- Chinese: 咿呀咿呀
- Genre: Children's television series
- Based on: Inai Inai Baa! by NHK
- Directed by: Zhu Wenyao; Liu Daku;
- Starring: Huang Zhen<; Yu Yang; Zhou Haixia; Xu Mingjie; Zhang Yi (2017–2020); Sun Yatong (2020–) ;
- Country of origin: China
- Original language: Chinese

Production
- Production locations: Shanghai, China
- Running time: 15 min
- Production companies: NHK; SMG; Shanghai Xiyou Culture;

Original release
- Network: Haha Xuandong TV
- Release: 1 July 2017 – November 2022

Related
- Inai Inai Baa!

= Yiyayiya =

2017 Chinese television series

Yiyayiya (咿呀咿呀) is a Chinese children's television series focusing on singing, dancing, gymnastics, handicrafts, and language. On July 1, 2017, it was broadcast on Haha Xuandong TV (哈哈炫动卫视) and other channels, and was one of the columns of "Baby Academy" (宝贝学院).

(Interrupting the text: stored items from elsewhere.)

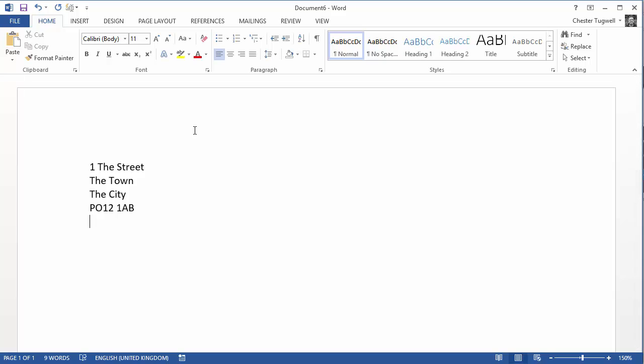Okay that's all there is to it. Assigning the shortcut key to an autotext entry in Word. Thanks for listening.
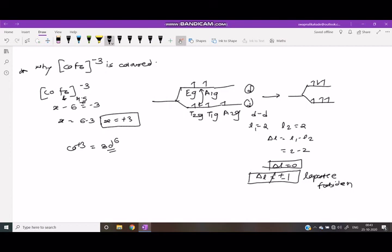Calculating spin for CoF₆³⁻: after working through the electron spin contributions and cancellations, the total spin S equals 2.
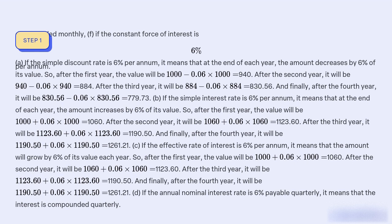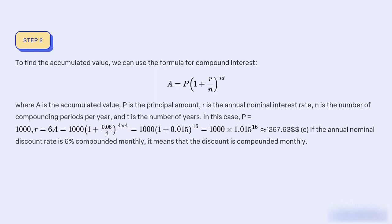If the annual nominal interest rate is 6% payable quarterly, it means that the interest is compounded quarterly. To find the accumulated value, we can use the formula for compound interest: A = P(1 + r/n)^(n×t), where A is the accumulated value, P is the principal amount, r is the annual nominal interest rate, n is the number of compounding periods per year, and t is the number of years. In this case, P = 1,000, r = 6%, n = 4 (quarterly compounding), and t = 4. Plugging in these values, we get A = 1,000 × (1 + 0.06/4)^(4×4) = 1,000 × (1.015)^16 ≈ $1,267.63.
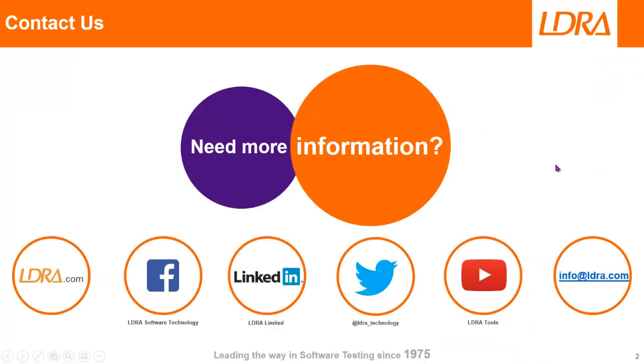That hopefully has given you an idea of how we can assure that code is both safe and secure using the LDRA tool suite and QNX Momentix. And if you'd like any more information, then please don't hesitate to contact us at LDRA. Thank you.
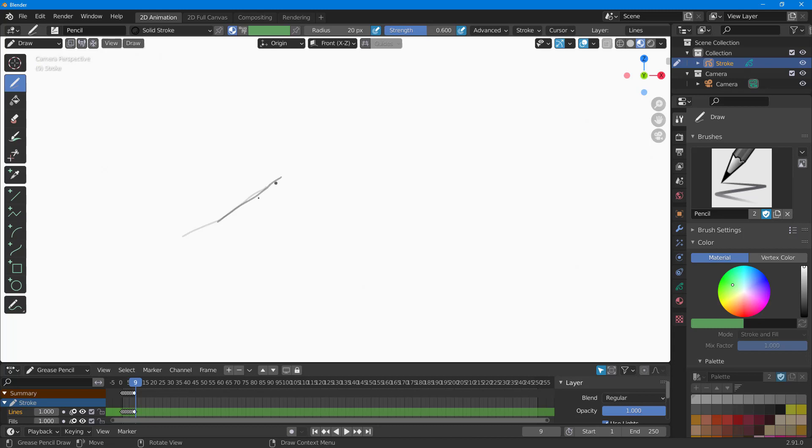Once you keep on drawing, what happens is that you get a sort of movement illusion right here, and you've got your animation.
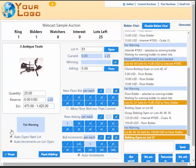So that's our quick demo of high bid webcast choice and grouping. As always, if you have any questions please don't hesitate to contact us. Thank you.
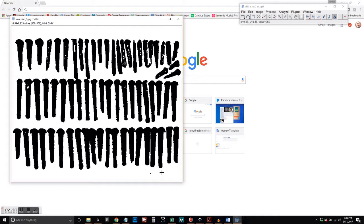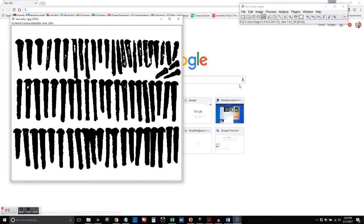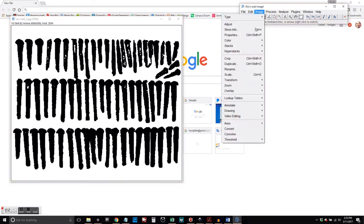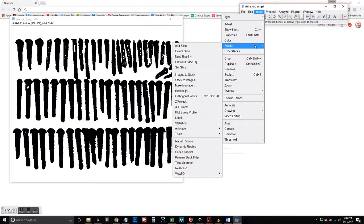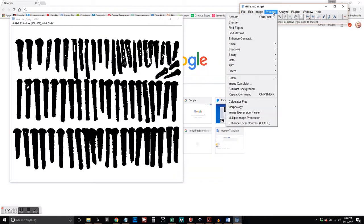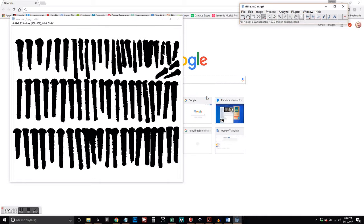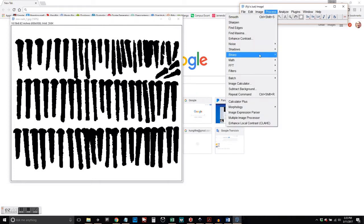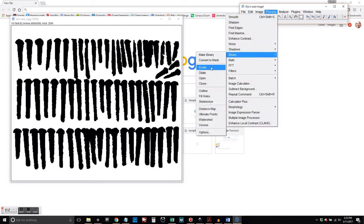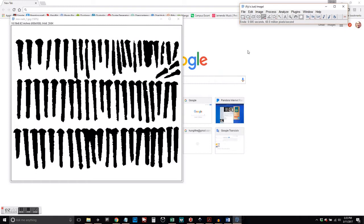And then once we're done with that, we're going to go ahead and we're going to fill in the white spaces within the objects. And then we're going to erode it back to where it was.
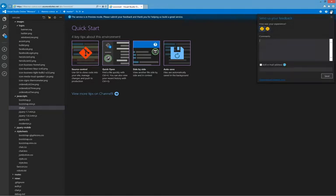That wraps up our walkthrough about the development environment. Try it out, send feedback, and let us know what you think. Thanks!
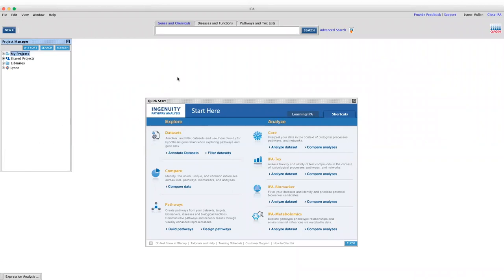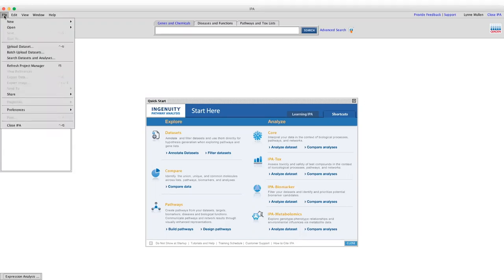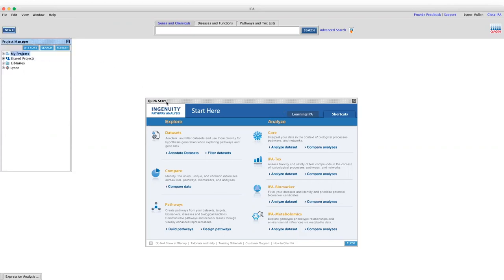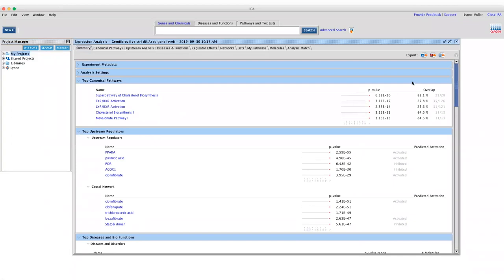Now let's go into IPA. Here I'll briefly go over the welcome screen. We have a menu where you can begin analyses or upload your data set, a New button for many of the same functionalities, a quick start screen in the center with analysis wizards, and a project manager on the side with a My Projects section where all your data sets and analyses are stored. I've already uploaded the data set, ran the core analysis, and opened it — so I'm going to maximize that now.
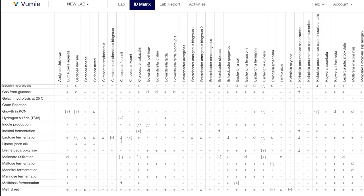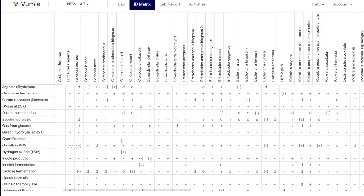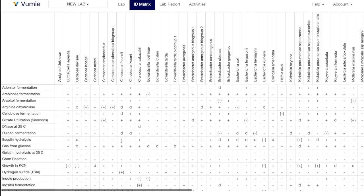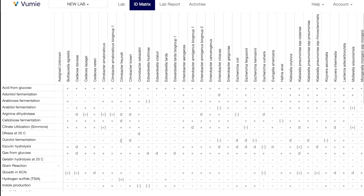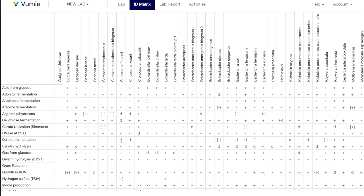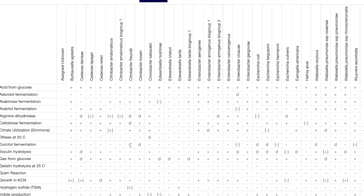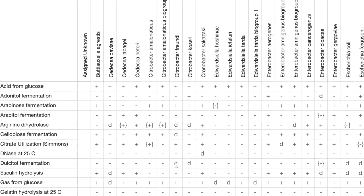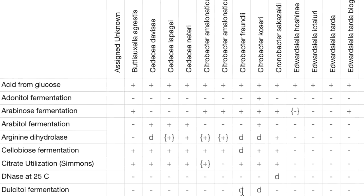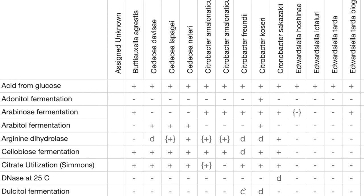Because of this variation within a species, an ID matrix often uses more than just positive or negative as possible results. In this matrix, these are the possible results and their meanings.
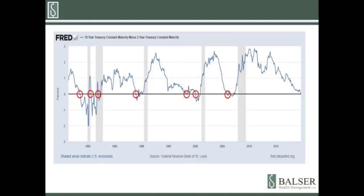Using the yield curve as a timing tool is extremely difficult. The yield curve has inverted before every recession since the 1970s, but the lead time has varied tremendously. This chart shows the inversions circled in red. The gray shaded areas on the chart are the recessions.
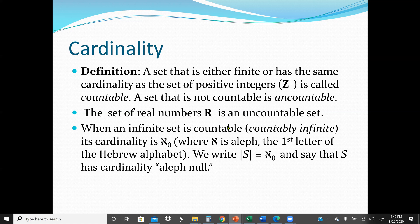A set of Real Numbers is an Uncountable Set, and a set of Positive Integers — 1, 2, 3, ... — is a Countable Set. When an Infinite Set is Countable, that's a Countable Infinity, its Cardinality is Aleph-naught (ℵ₀), where Aleph is the first letter of the Hebrew Alphabet. We write the cardinality of such a set S as equal to Aleph-naught.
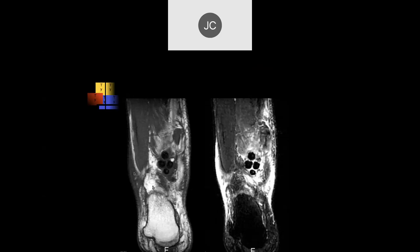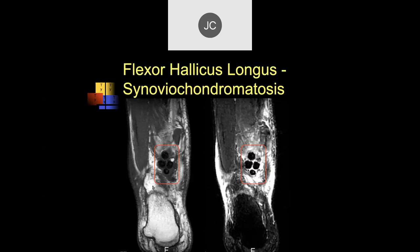There are a couple of low-signal bodies here, close to the midline near the calcaneus in the area of the flexor hallucis longus. This is synovial chondromatosis. The flexor hallucis longus should go between the sesamoid bones. On the coronal images we can see it with some fluid around it — this was tenosynovitis of the flexor hallucis longus.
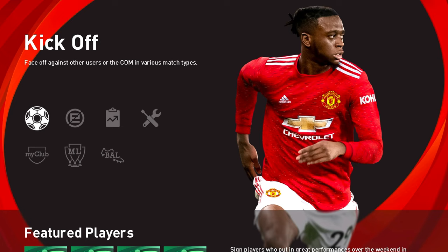Welcome back to the channel! This is a PES 2021 option file tutorial where we're going to be showing you how to install v3 of the PES Universe option file. We are back with PES 2021 - this is a five league update.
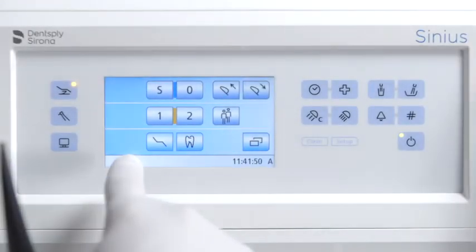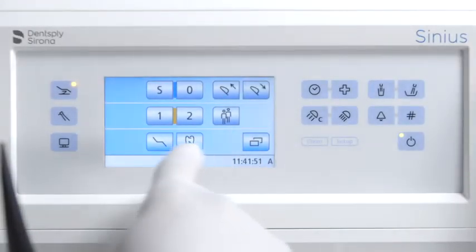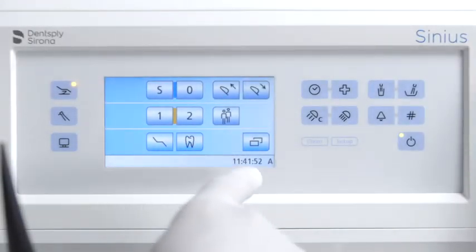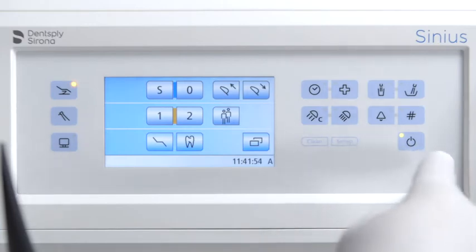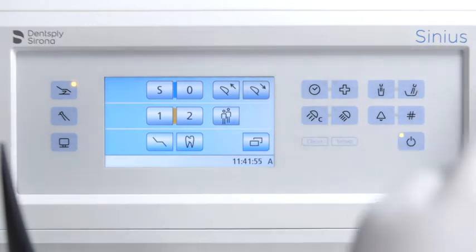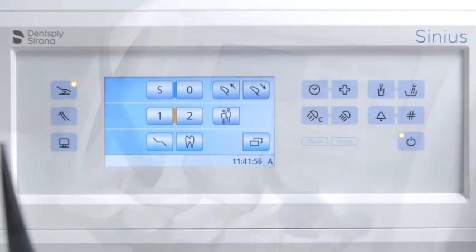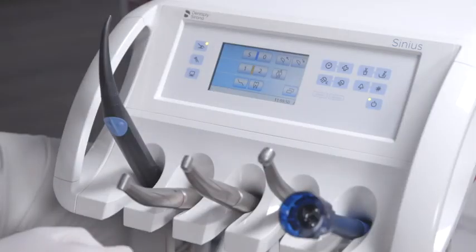The treatment center is operated via the graphical user interface and the fixed key panel. You can select one of two start screens.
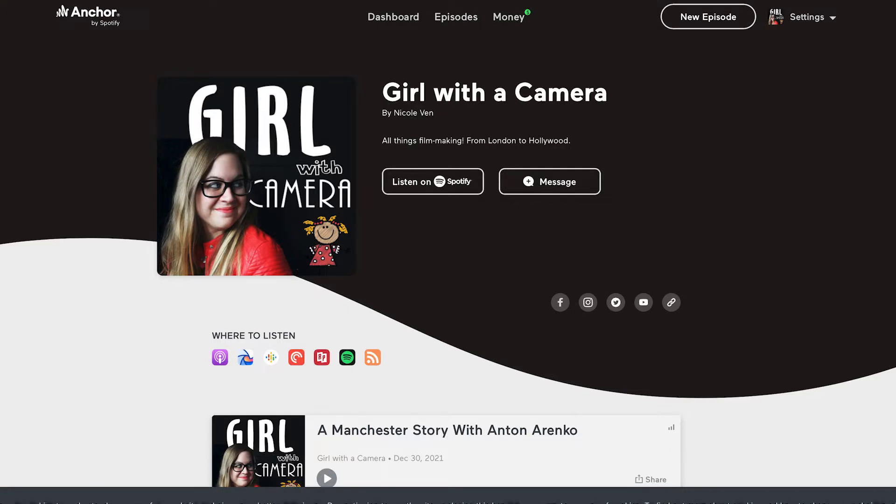In this video I'm going to tell you everything about Anchor FM. This is a great app that you can use for free in order to create your podcast. My podcast is called Girl with the Camera and I created it using Anchor, but more importantly I use it for distribution. For anybody who wants to start a podcast - whether you're a company or representing yourself - if you want to tell your story, talk about your business, motivate, inspire, or educate people, you need to create your own podcast.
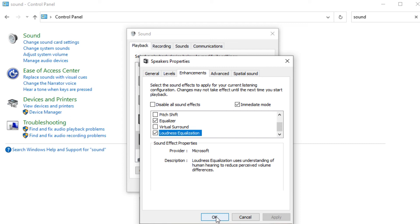If you look at the description, it says Loudness Equalization uses an understanding of human hearing to reduce perceived volume differences. This means all sound not relevant to human hearing will be reduced significantly, and it will focus on the sounds we are able to hear, such as footsteps.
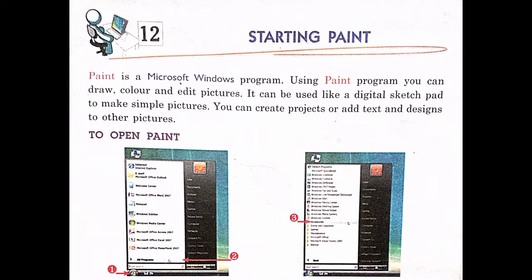Paint can be used like a digital sketch pad to make simple pictures. You can create projects, add text and designs to other pictures. Paint is used in the computer to make simple pictures, to color varieties of pictures, to draw, and to edit them using MS Paint.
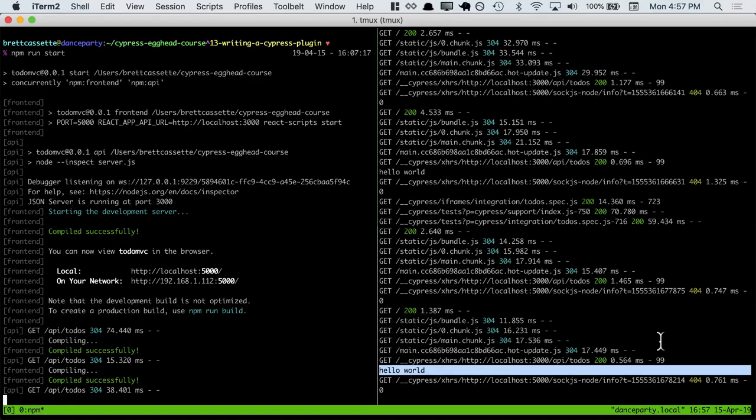In the next lesson, we'll see this in action when we write a task to seed our database.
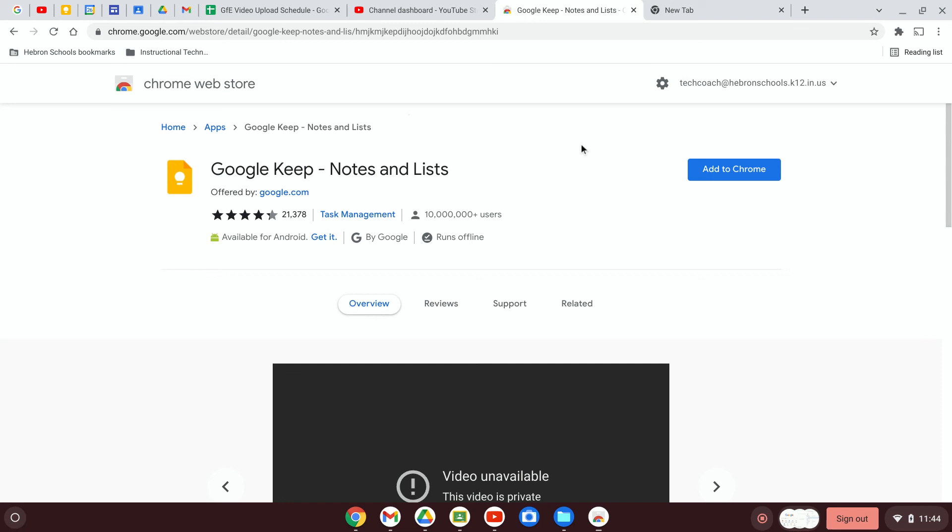So there are a bunch of different ways that you can add functionality to Google Chrome that best suits your needs. And you can do that from the Chrome Web Store.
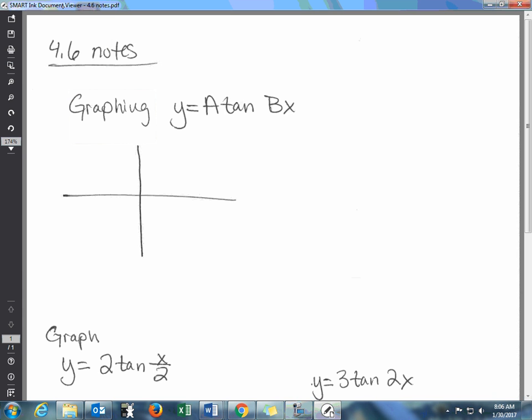Welcome back. Today we're going to be graphing tangent. Tangent is a little different than graphing sine and cosine — the process, especially with phase shifts, is way different. Hopefully through these examples you'll be able to start to see the process for graphing tangent.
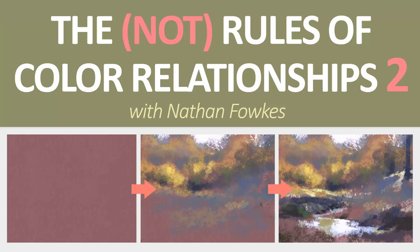Hey everybody, we've been talking about the rules of color relationships and I promised you in the last talk that I'd follow it up with a little demonstration.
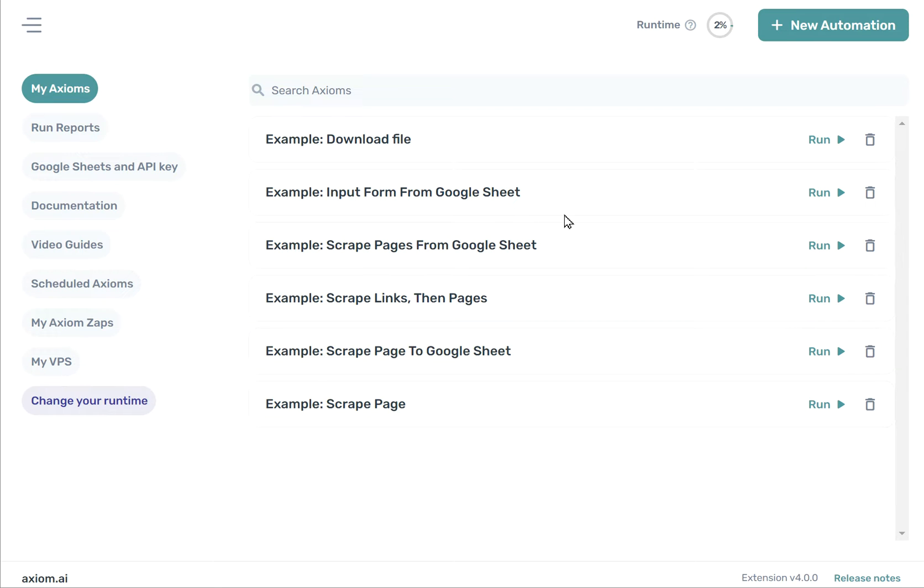When you install Axiom for the first time, you'll see the Axiom dashboard here. This comes with several Axioms you can use as the basis to build your own bots.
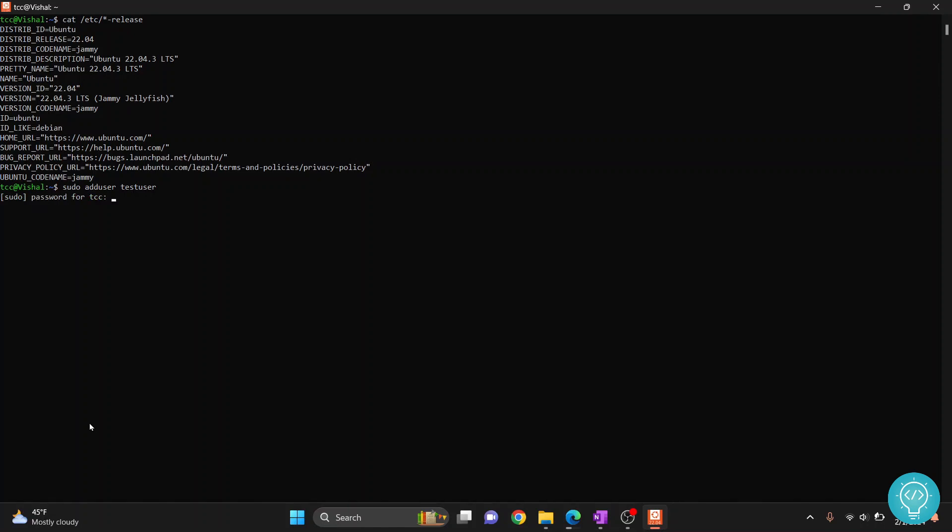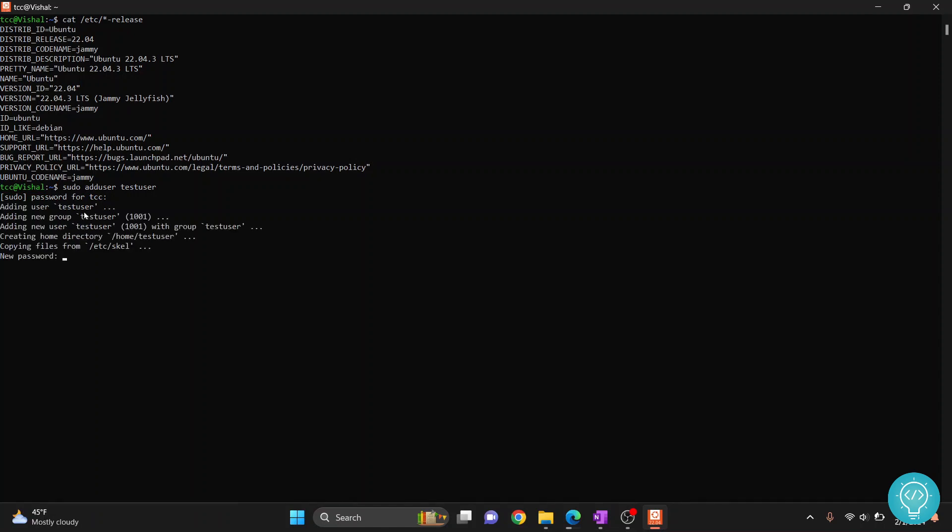And now you want to enter the password for our current user TCC because we have used sudo. If you don't use sudo, you are not given permission to add user. So write the current password for our current user TCC, or whatever user you have logged in as. And now write the password for our user test user.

The program is co-produced by Shanghai Media Group and Shanghai Xiyou Culture (上海习游文化), with NHK providing some content and technical support. In November 2022, due to program arrangement issues with Haha Xuandong TV, Yiyayiya was suspended.

==Summary==
Yiyayiya is adapted from Japanese children's program Inai Inai Baa! broadcast by NHK Educational TV. The program was filmed in Shanghai. It is hosted by Wangwang (汪汪), Wutang (乌糖), Xiaoyi (小亦), and Xiaotong (小瞳).